Municipium is a 2008 game from Reiner Knizia. It was published by Valley Games, which had a bit of reputation during its days. They managed to secure rights to two long out-of-print classics, and the gamer community was lucky to see these back in print. One of the games was Die Macher, and the other Hannibal: Rome vs Carthage. Valley Games often used art and design from Mike Doyle. I used to follow his blog. His style was unconventional. Some of the games with his design work had some useability concerns, but the art was bold and fresh.
The copy of Municipium I bought was a second hand copy. I saw someone selling it on Facebook and decided to get it on a whim. This is an out-of-print game and not easy to come by. I later realised that Allen my regular gaming buddy who lives a 5-minute drive away from me actually has a copy. I had completely forgotten that. Anyway, I’m happy to own this rare game from Knizia.

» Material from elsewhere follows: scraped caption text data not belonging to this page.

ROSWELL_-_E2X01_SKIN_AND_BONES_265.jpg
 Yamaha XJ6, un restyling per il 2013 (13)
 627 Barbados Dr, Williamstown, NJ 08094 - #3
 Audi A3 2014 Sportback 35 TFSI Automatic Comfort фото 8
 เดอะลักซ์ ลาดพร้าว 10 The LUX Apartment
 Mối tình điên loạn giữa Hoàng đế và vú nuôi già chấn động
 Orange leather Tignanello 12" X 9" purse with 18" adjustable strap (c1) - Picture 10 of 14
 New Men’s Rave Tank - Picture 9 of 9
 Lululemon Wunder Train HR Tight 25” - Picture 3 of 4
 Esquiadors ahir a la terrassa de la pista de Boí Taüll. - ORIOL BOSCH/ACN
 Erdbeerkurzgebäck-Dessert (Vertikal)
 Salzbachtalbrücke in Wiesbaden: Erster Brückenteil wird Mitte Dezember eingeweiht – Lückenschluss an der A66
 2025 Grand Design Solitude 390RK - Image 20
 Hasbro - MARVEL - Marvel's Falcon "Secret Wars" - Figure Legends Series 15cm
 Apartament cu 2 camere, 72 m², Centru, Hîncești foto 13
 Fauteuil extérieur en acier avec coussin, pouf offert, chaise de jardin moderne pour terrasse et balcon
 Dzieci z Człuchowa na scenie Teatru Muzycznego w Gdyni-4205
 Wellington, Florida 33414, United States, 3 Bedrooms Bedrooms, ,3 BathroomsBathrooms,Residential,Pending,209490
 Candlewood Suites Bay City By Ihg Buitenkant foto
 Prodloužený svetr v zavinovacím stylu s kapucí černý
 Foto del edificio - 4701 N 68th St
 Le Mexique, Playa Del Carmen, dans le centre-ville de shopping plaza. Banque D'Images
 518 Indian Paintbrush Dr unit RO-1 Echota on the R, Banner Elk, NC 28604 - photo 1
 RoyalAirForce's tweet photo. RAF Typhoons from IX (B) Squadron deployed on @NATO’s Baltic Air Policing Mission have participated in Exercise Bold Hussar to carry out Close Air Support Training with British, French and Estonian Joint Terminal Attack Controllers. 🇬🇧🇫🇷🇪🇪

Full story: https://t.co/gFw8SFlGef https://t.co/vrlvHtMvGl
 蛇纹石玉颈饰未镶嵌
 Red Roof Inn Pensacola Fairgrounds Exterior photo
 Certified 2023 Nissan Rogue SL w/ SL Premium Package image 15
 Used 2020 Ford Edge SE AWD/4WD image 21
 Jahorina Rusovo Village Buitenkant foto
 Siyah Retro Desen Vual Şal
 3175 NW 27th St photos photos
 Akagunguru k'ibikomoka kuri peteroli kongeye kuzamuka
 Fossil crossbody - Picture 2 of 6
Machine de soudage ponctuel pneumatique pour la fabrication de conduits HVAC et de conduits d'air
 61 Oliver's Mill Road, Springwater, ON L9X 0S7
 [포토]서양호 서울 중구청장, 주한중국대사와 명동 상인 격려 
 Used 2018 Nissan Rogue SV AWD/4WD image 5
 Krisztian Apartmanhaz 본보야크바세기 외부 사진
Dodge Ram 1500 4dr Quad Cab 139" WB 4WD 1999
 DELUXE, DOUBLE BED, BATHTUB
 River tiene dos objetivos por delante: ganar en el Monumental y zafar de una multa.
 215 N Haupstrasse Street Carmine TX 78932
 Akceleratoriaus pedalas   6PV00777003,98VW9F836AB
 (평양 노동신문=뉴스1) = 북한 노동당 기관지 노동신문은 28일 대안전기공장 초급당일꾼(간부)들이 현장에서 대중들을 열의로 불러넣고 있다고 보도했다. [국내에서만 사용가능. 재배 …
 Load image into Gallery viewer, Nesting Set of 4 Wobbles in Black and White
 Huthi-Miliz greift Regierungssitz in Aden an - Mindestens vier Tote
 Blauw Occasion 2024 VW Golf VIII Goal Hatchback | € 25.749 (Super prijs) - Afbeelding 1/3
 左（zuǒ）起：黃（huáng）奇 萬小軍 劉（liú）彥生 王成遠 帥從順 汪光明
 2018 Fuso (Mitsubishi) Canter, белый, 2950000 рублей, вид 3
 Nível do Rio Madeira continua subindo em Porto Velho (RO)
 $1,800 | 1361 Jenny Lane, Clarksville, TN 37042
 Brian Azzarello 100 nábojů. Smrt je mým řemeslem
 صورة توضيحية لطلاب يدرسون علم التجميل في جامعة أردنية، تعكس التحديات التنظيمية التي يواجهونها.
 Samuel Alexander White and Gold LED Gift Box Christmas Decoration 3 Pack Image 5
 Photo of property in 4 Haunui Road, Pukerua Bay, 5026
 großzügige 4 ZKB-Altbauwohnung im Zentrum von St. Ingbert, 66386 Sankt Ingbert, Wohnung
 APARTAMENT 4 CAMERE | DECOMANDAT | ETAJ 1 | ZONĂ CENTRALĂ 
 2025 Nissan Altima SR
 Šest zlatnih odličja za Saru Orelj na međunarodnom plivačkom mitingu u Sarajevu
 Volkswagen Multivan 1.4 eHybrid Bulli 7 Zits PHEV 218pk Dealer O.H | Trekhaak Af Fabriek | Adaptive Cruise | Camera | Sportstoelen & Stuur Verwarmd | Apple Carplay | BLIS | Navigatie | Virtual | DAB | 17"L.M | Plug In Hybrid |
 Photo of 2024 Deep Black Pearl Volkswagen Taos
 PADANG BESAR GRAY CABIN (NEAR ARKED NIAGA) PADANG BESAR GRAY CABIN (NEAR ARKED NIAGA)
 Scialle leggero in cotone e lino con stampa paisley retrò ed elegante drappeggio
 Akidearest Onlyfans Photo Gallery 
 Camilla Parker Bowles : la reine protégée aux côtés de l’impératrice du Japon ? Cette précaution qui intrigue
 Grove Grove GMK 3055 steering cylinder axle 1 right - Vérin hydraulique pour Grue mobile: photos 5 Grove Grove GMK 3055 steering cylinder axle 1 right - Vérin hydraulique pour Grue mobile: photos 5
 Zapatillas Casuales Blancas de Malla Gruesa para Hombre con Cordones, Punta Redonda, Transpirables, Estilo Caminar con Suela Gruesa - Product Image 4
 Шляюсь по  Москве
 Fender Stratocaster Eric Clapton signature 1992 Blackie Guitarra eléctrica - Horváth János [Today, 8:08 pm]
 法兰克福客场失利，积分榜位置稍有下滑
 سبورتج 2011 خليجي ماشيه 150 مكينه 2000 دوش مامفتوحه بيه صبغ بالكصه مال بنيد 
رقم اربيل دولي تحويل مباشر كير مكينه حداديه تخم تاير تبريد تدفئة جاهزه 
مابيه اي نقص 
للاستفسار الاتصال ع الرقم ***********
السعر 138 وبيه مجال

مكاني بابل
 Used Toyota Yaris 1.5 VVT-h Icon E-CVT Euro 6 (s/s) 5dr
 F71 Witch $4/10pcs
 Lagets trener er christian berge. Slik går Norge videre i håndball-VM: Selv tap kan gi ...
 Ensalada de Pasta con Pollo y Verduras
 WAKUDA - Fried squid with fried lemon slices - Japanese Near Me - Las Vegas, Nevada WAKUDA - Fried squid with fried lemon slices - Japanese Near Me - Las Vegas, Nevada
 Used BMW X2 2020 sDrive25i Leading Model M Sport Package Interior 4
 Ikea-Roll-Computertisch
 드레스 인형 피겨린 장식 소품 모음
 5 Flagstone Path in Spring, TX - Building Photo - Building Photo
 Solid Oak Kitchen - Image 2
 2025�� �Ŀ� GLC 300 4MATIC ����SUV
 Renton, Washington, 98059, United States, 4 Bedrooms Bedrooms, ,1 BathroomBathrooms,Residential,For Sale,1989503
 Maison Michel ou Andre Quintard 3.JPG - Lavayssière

The setting in Municipium is a colonial town of the great Roman Empire. The town is developed and administered following the Roman governmental template, which means you need to have a temple, a bath and other such buildings that civilised people have. Players are powerful families in town, vying for influence. You send your family members to mingle with folks at the various buildings, hoping to gain influence over the citizenry. There are four classes of citizens (in four different colours) and you need to charm all of them. Whenever you collect a set of citizens in four different colours, you swap them for a coin. Whoever is first to collect his fifth coin wins the game.
There are 7 buildings on the board. The temple is at the centre. The other six surround it and are linked by a circular path. The temple is accessible via two of the buildings. Your family members travel along the paths to the various buildings. Every player has exactly 7 family members. What you do on your turn is simple: take two steps and play a card. You may get one family member to take two steps, or you may ask two family members to each take one step. As for playing a card, you either draw one from the common draw deck to play immediately, or you play one of your three personal cards. Personal cards are single-use, so you better save them for when they are most effective. Cards in the game have a number of different effects, e.g. letting you use the power of a building where you have more family members than everyone else.
One card effect is advancing the praefect, i.e. the large white pawn above. The praefect always moves one step clockwise along the circle of buildings. Whenever he stops, he gives out a favour token to whoever has the most family members at the building. Favour tokens are just like citizens, except they are jokers and can be treated as any colour.
Every building is associated with one of the four citizen colours. Whenever citizens of a particular colour are added, they must go to a building of that colour. Once a building has three citizens, it is “harvest” time. Whoever has the most family members gets to claim two of the citizens. The player with the second most family members gets the third citizen. Generally this is how you collect citizens.
You will always be competing to have the most family members at as many buildings as possible. You need this to win citizens and also to trigger the building powers. The temple at the centre is for tiebreaking. When the game starts, the tiebreaker priority is set based on family members at the temple. Once the game gets going, this priority is only updated when the temple power is triggered. Ties do happen frequently, so it is often important to fight at the temple. OK that sounds wrong and blasphemous.
These are the personal cards. Everyone gets the same three cards. They are generally more powerful so use them wisely.
When your family member wears a crown he has the strength of two family members. One of the buildings crown your family members. This is a form of investment. If you invest early in strengthening your family members, it can give you a significant advantage for the rest of the game.
Once you have a set of four citizens, you must trade them in for one coin. The winning condition is 5 coins.
When I first read the rules the game felt a little complicated. Each building has a different power. There are a few situations that can be triggered by player actions and card effects, which need to be handled in specific ways. There are quite a few different card powers too. However once I started playing, I found the game pretty straight-forward. It’s just move two steps and play a card.
Municipium is at its core an area majority game. You compete to have the most family members at the various buildings at the right time, i.e. when the building powers are being triggered, and when there are enough citizens to get distributed. Everyone only has seven family members. If you want to be strong in some buildings, you will be weak in others. Priorities priorities priorities.
The praefect moves in a somewhat predictable manner, so players naturally gravitate towards competing at the next building he will visit. This is a tactical aspect of the game. The game has both strategic and tactical elements, and you can’t ignore either. You need to worry about your overall board position because it’s important for your general success. Yet you must not neglect the small tactical wins because they do add up.
Municipium was never particularly popular. It is a medium weight game. I think the lack of popularity is partly because it is in an awkward niche. It is not simple and welcoming enough to appeal to people who like light and casual games, and it is not the kind of heavy Eurogame that attracts the hardcore Eurogamers. The artwork probably detracted from its appeal. At first glance the board looks rather dull. I find it a game with character. The building powers are interesting and combine to create a coherent and unique experience. They are not just random powers thrown together to create a problem for players to solve. You can make clever combos from building powers. I always enjoy games that provide opportunities for smart play. This is a game with high player interaction.
I consider myself lucky to land a copy of Municipium!